Monte Carlo methods are especially useful for simulating systems with many coupled degrees of freedom, such as fluids, disordered materials, strongly coupled solids, and cellular structures (see cellular Potts model). They are used to model phenomena with significant uncertainty in inputs, such as the calculation of risk in business. They are widely used in mathematics, for example to evaluate multidimensional definite integrals with complicated boundary conditions. When Monte Carlo simulations have been applied in space exploration and oil exploration, their predictions of failures, cost overruns and schedule overruns are routinely better than human intuition or alternative "soft" methods.

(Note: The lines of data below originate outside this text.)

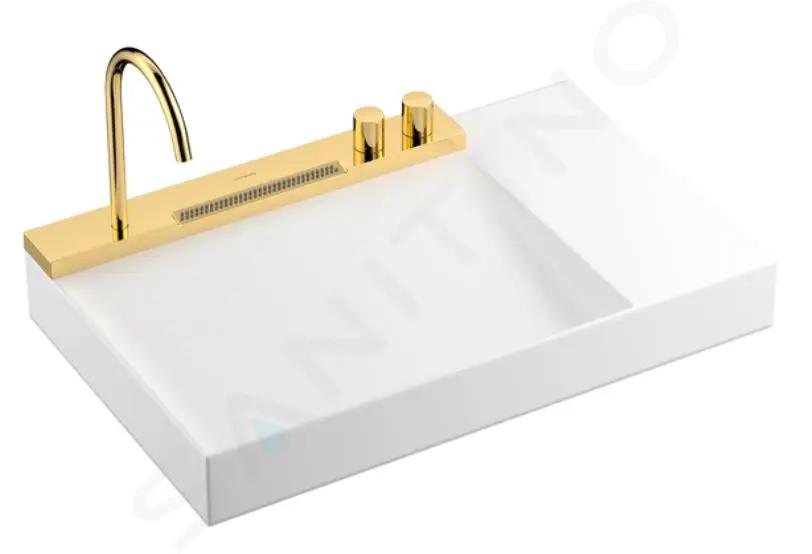 Hansgrohe Avalegra Umývadlo 78x48 cm, s termostatickou batériou a spŕškou, 2 prúdy, bez prepadu, leštený vzhľad zlata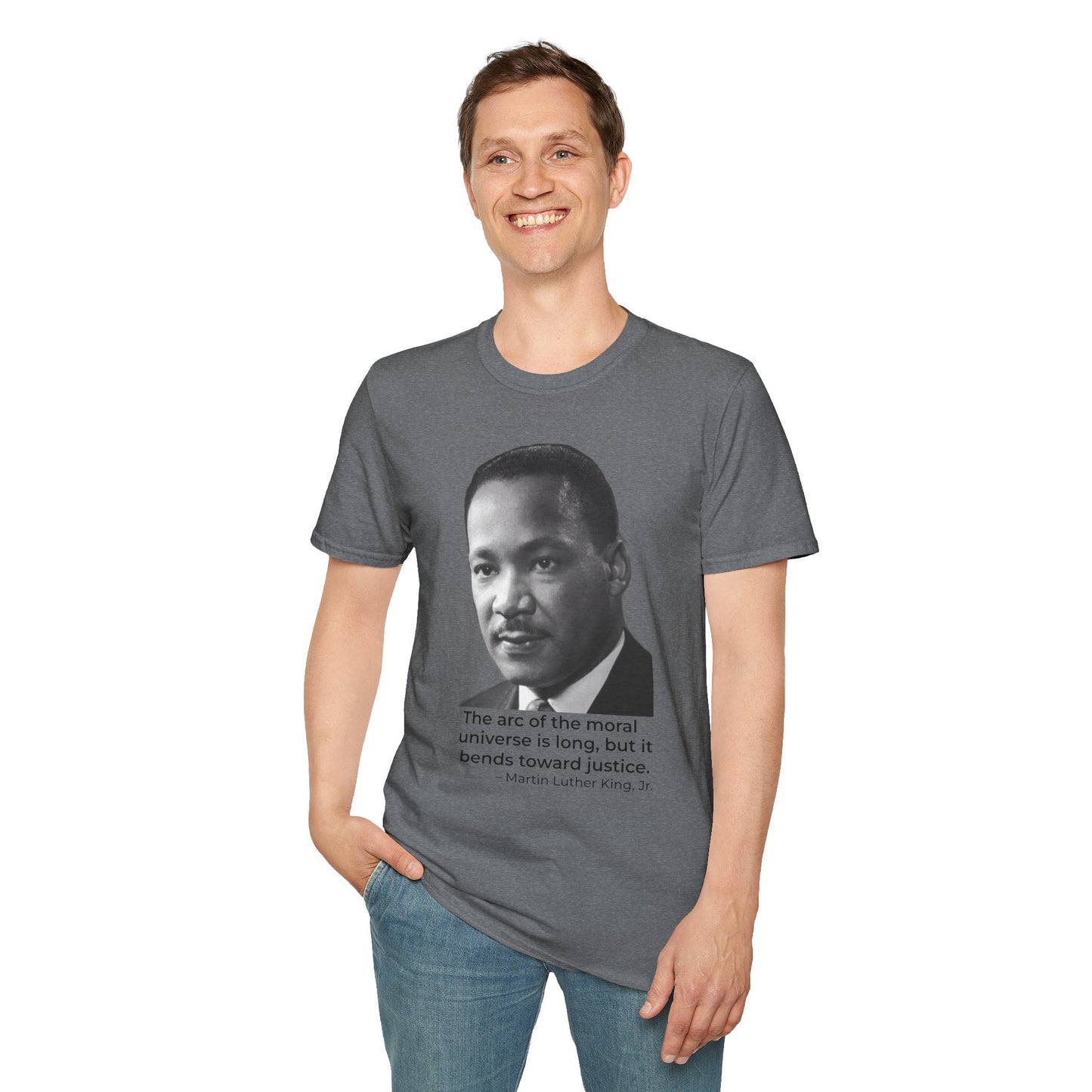 Martin Luther King Jr. Moral Arc Quote Tee – Justice Portrait Shirt (Graphite Heather)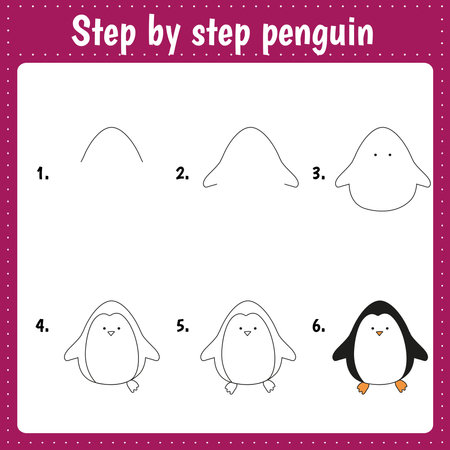 Drawing lesson for children. How draw penguin. Drawing tutorial with funny animal. Step by step repeats the picture. Kids activity art page for book. Vector illustration.のイラスト素材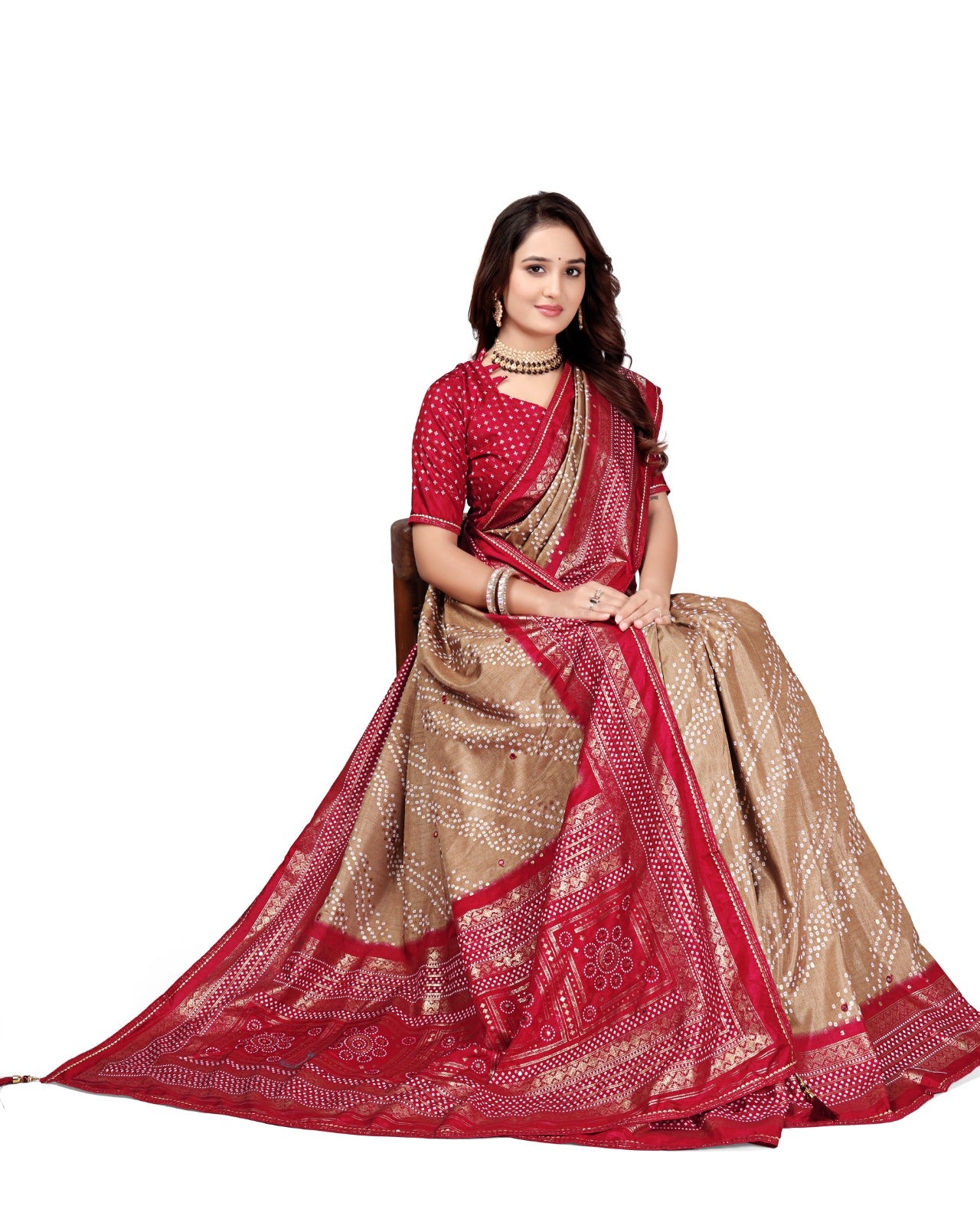Traditional Bandhej Printed Silk Saree with Rich Red Border & Matching Blouse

The modern version of the Monte Carlo method was invented in the late 1940s by Stanislaw Ulam, while he was working on nuclear weapon projects at the Los Alamos National Laboratory. It was named, by Nicholas Metropolis, after the Monte Carlo Casino, where Ulam's uncle often gambled.Immediately after Ulam's breakthrough, John von Neumann understood its importance and programmed the ENIAC computer to carry out Monte Carlo calculations.
Monte Carlo methods vary, but tend to follow a particular pattern:
1. Define a domain of possible...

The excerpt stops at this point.